Data excerpts:
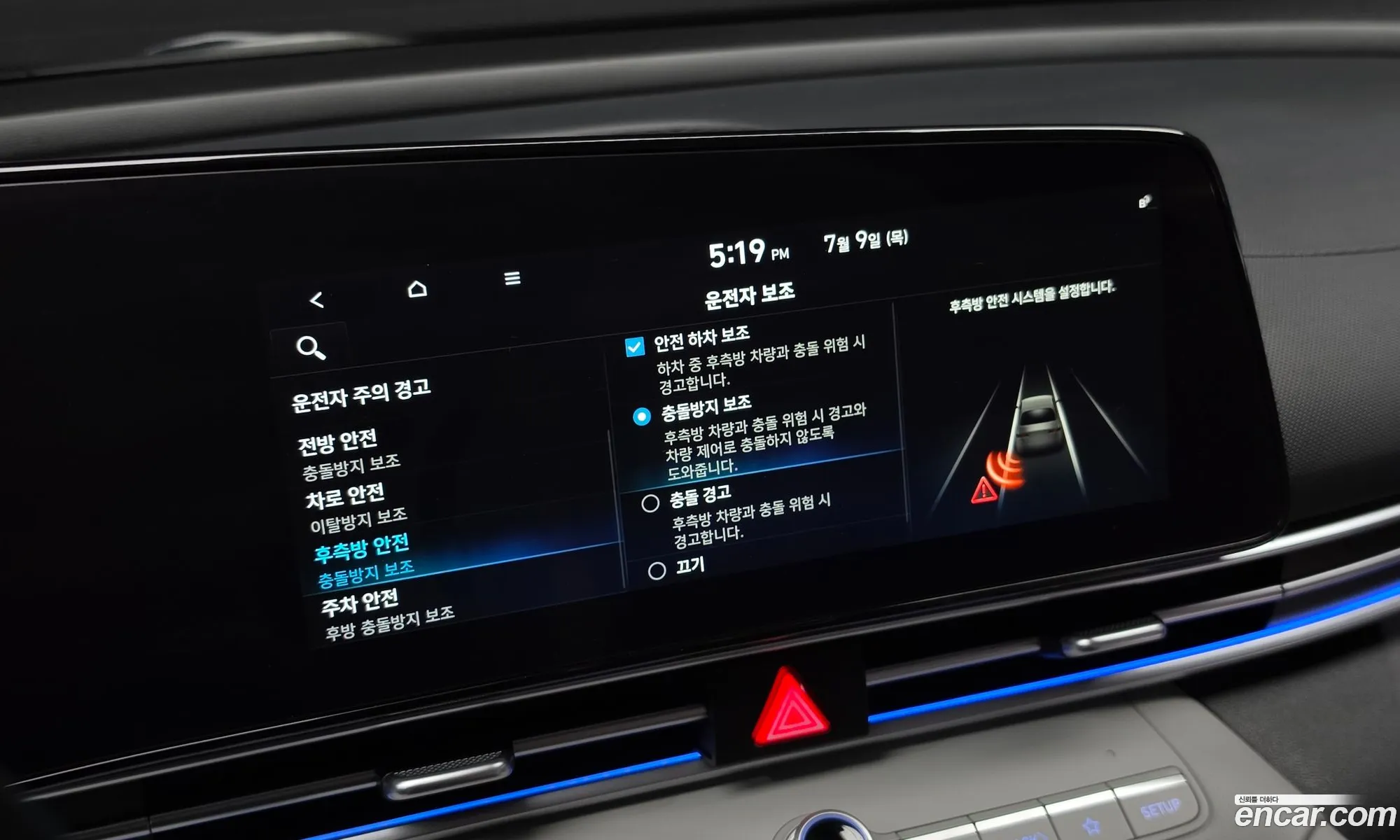 Hyundai Elantra 2020 — 29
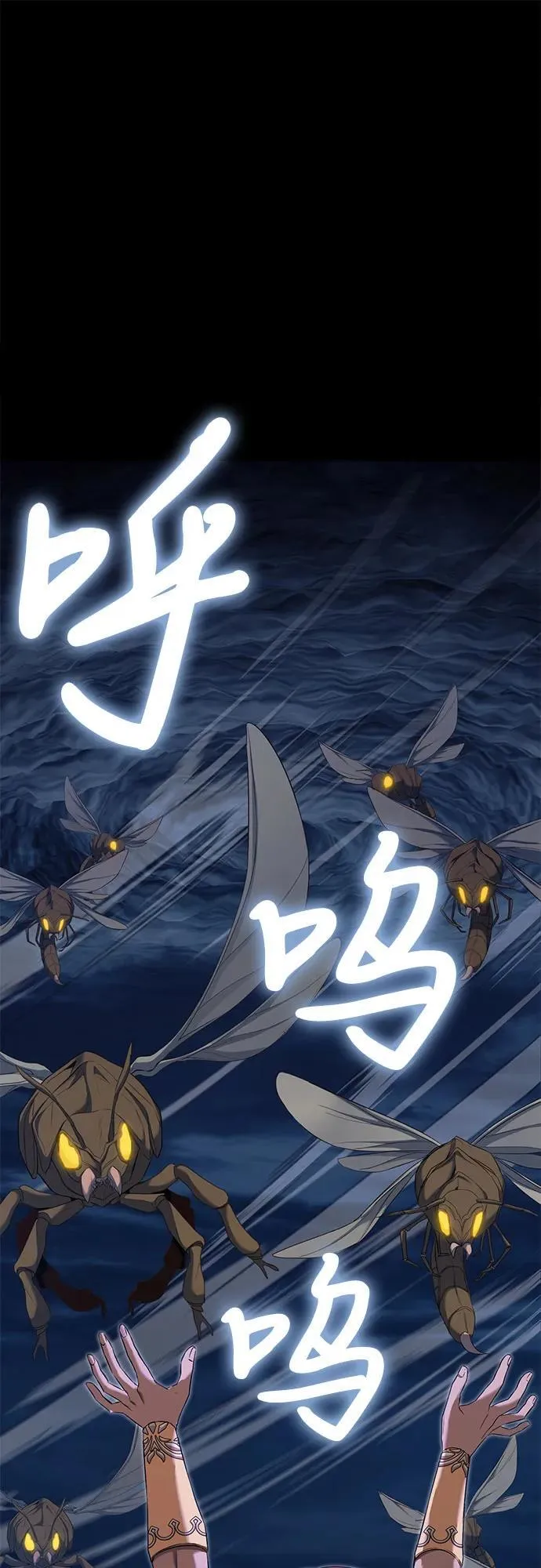 第38话 第2页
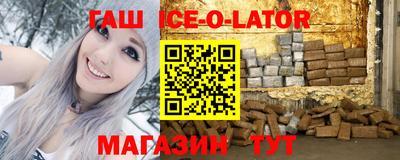гашиш Пушкино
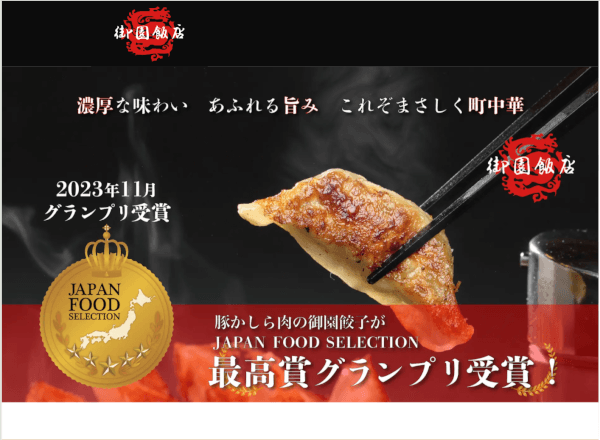 御園飯店サイトのタブレット画像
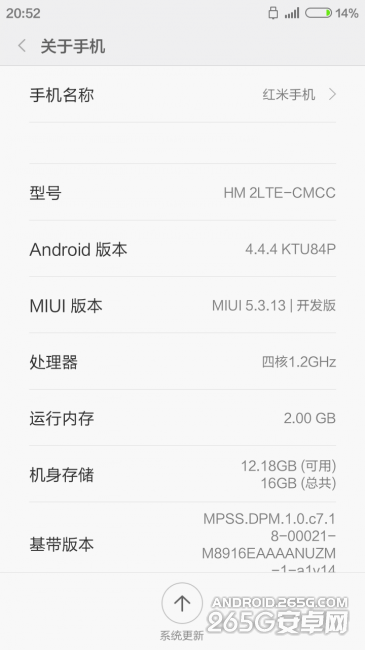 红米2增强版使用半个月心得评测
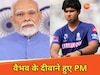 पीएम ने की वैभव सूर्यवंशी की तारीफ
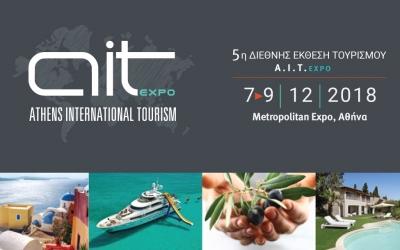 Συμμετοχή Δήμου Κεφαλονιάς στην 5η Διεθνή Έκθεση Τουρισμού EXPO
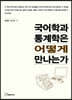 국어학과 통계학은 어떻게 만나는가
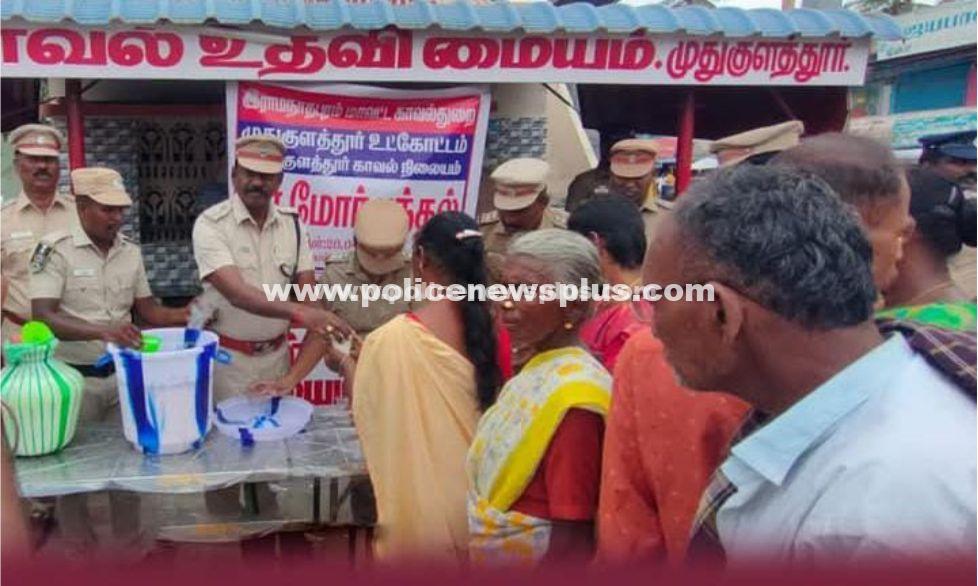 Ramanathapuram Police Open Summer Relief Stall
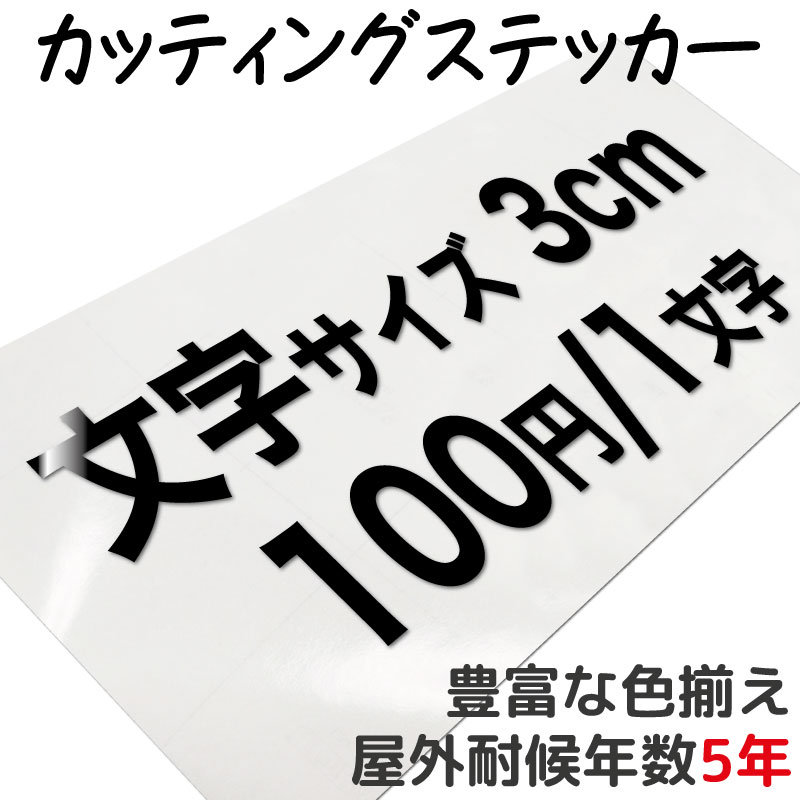 åƥ󥰥ƥå    ᥤ 3cm 3 ǥ ᥤ Ѹǯ5ǯ ɿ ڤʸ ʸ...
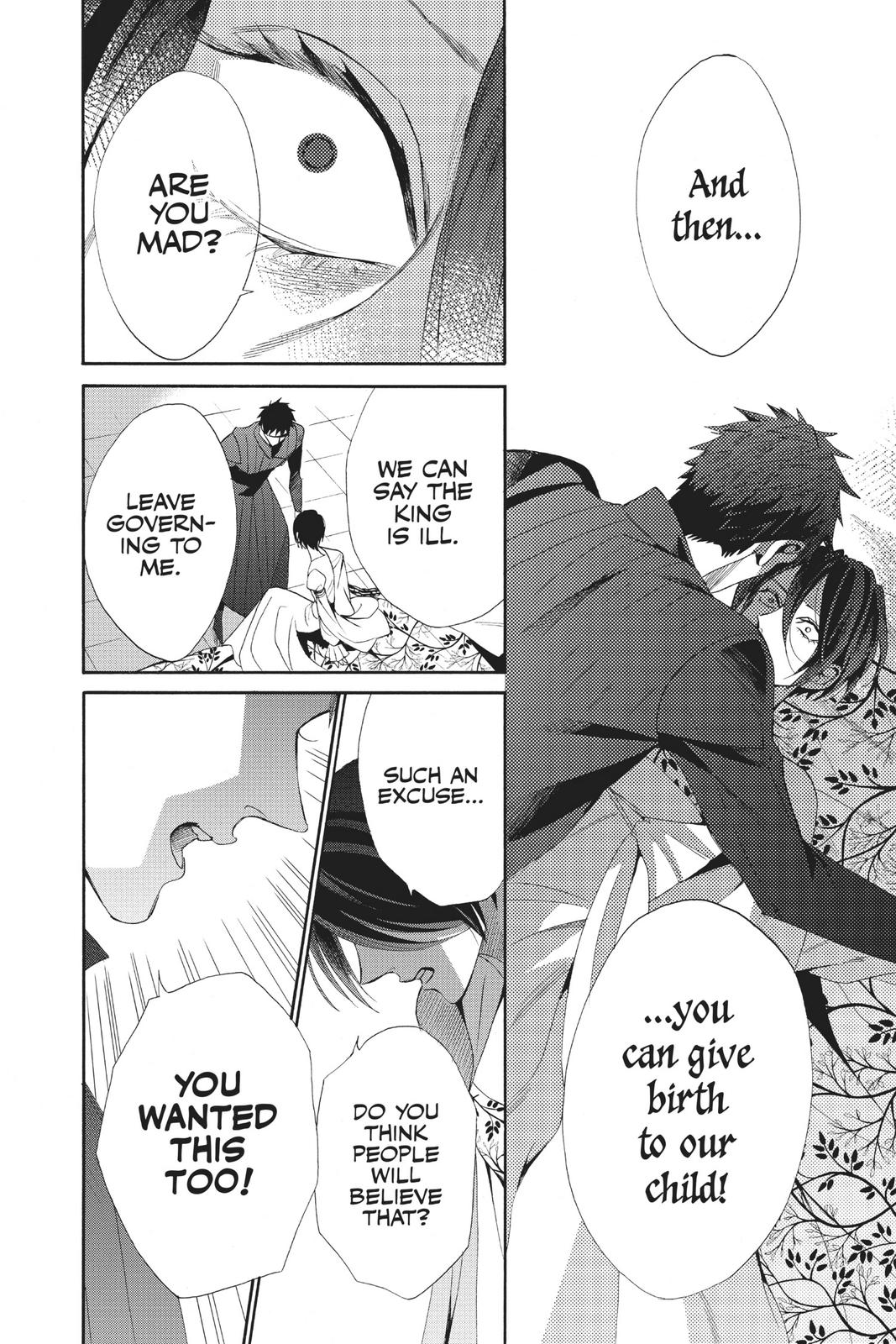 Baraou no Souretsu Chapter 65 page 18 - Chapter 65
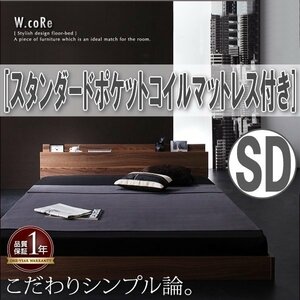 [4002] Floor bed with shelves and outlets [W.CORE] [Double core] Standard pocket coil mattress SD [semi -double] (1)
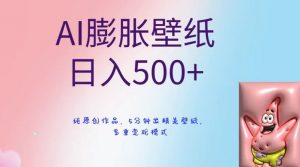 AI膨胀壁纸日入500+，纯原创作品，5分钟出精美壁纸，多重变现模式【揭秘】-苏柒资源库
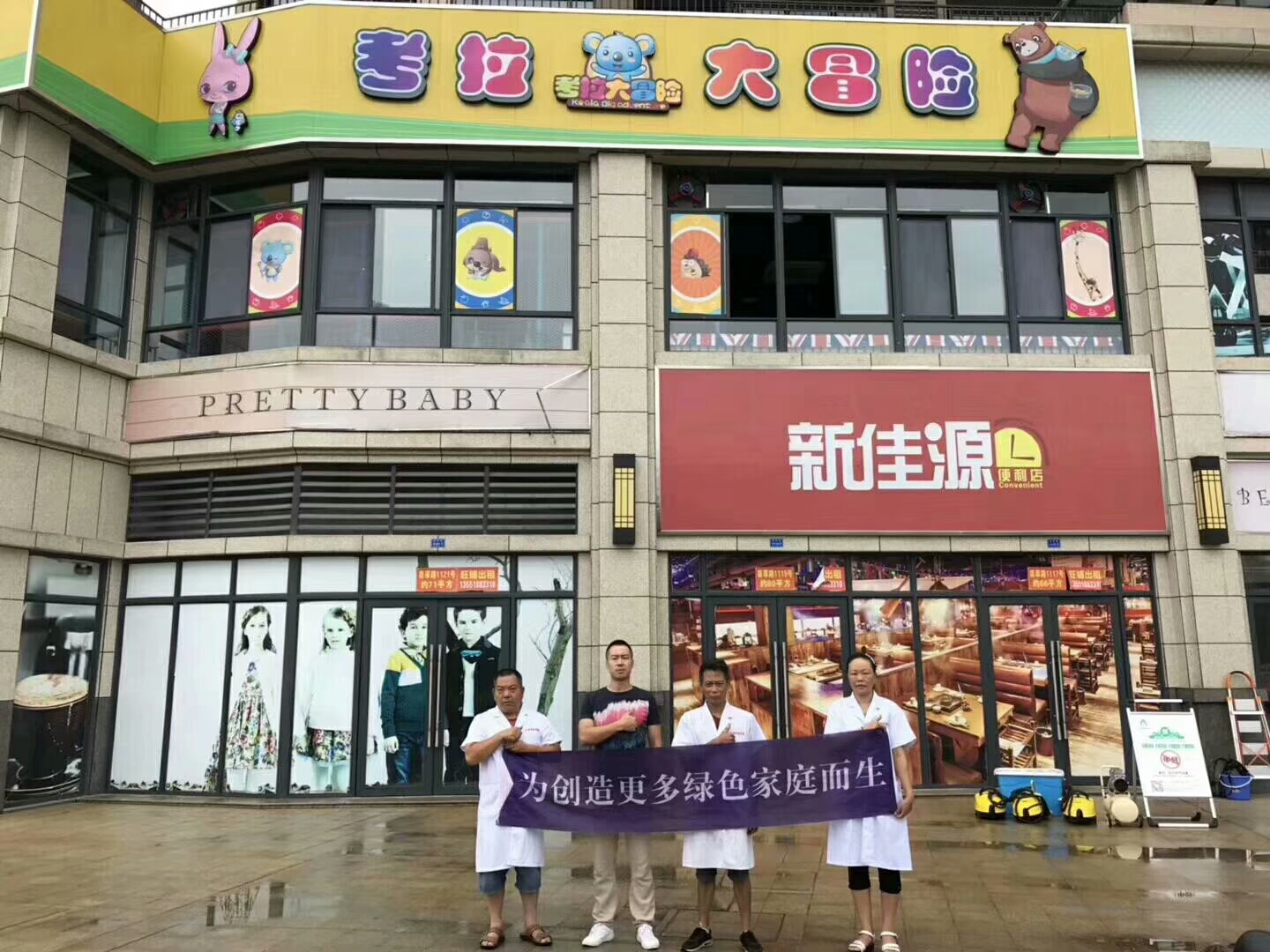 欧美黄色性爱视频网站 考拉大冒险儿童乐园室内空气治理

§ The problem:
Would you transcribe each of the entries exactly, skipping the pictures?

§ Output:
 Hyundai Elantra 2020 — 29
 第38话 第2页
гашиш Пушкино
 御園飯店サイトのタブレット画像
 红米2增强版使用半个月心得评测
 पीएम ने की वैभव सूर्यवंशी की तारीफ
 Συμμετοχή Δήμου Κεφαλονιάς στην 5η Διεθνή Έκθεση Τουρισμού EXPO
 국어학과 통계학은 어떻게 만나는가
 Ramanathapuram Police Open Summer Relief Stall
 åƥ󥰥ƥå    ᥤ 3cm 3 ǥ ᥤ Ѹǯ5ǯ ɿ ڤʸ ʸ...
 Baraou no Souretsu Chapter 65 page 18 - Chapter 65
 [4002] Floor bed with shelves and outlets [W.CORE] [Double core] Standard pocket coil mattress SD [semi -double] (1)
 AI膨胀壁纸日入500+，纯原创作品，5分钟出精美壁纸，多重变现模式【揭秘】-苏柒资源库
 欧美黄色性爱视频网站 考拉大冒险儿童乐园室内空气治理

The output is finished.